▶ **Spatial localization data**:

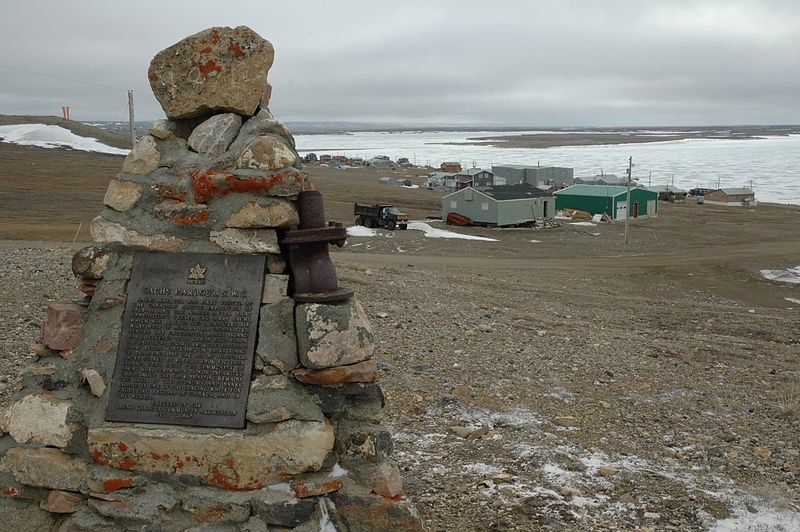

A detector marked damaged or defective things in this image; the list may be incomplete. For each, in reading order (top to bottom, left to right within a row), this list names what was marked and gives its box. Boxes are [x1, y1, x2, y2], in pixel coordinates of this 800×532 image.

rusty metal fitting [282, 190, 354, 304]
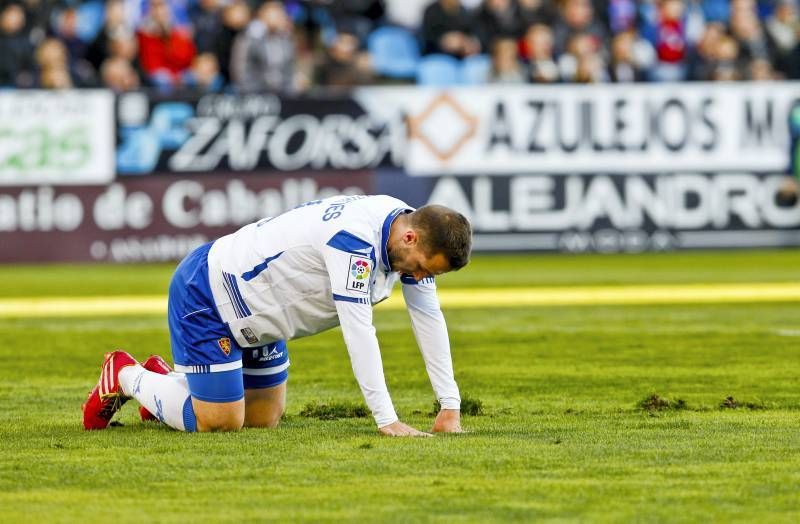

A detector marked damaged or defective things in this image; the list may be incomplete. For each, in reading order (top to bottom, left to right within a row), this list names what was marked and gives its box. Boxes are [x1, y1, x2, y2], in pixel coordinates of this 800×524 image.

damaged turf patch [298, 402, 370, 422]
damaged turf patch [434, 392, 484, 418]
damaged turf patch [636, 392, 688, 414]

▶ **Task item**: Write every line above again exactly, but leave the pictures out.

▶ **Written reply**:
A detector marked damaged or defective things in this image; the list may be incomplete. For each, in reading order (top to bottom, left to right within a row), this list names what was marked and gives its box. Boxes are [x1, y1, x2, y2], in pixel coordinates of this 800×532 image.

rusty metal fitting [282, 190, 354, 304]

A detector marked damaged or defective things in this image; the list may be incomplete. For each, in reading order (top to bottom, left to right within a row), this list names what was marked and gives its box. Boxes are [x1, y1, x2, y2], in pixel coordinates of this 800×524 image.

damaged turf patch [298, 402, 370, 422]
damaged turf patch [434, 392, 484, 418]
damaged turf patch [636, 392, 688, 414]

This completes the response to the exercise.